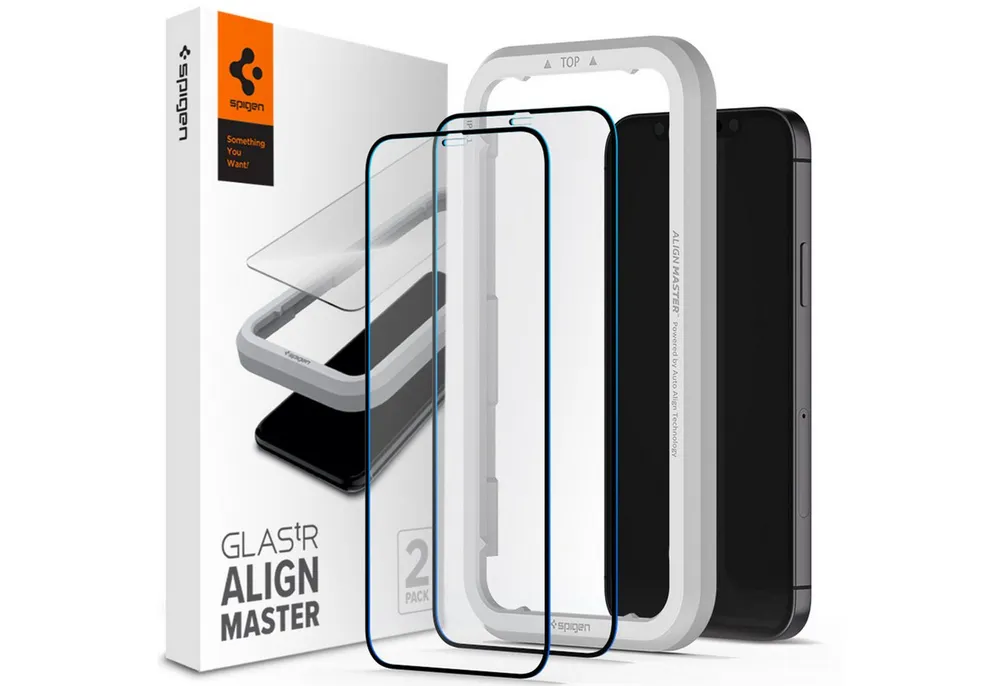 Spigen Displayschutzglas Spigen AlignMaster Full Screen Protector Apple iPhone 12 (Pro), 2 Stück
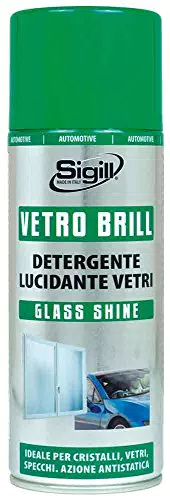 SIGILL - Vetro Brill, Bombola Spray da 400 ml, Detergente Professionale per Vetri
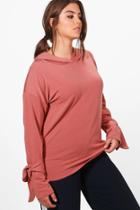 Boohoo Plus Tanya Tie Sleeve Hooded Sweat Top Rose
════
_Work required_
Please repeat the data verbatim and leave the pictures out of your copy.

_Reply to the exercise_
 Spigen Displayschutzglas Spigen AlignMaster Full Screen Protector Apple iPhone 12 (Pro), 2 Stück
 SIGILL - Vetro Brill, Bombola Spray da 400 ml, Detergente Professionale per Vetri
 Boohoo Plus Tanya Tie Sleeve Hooded Sweat Top Rose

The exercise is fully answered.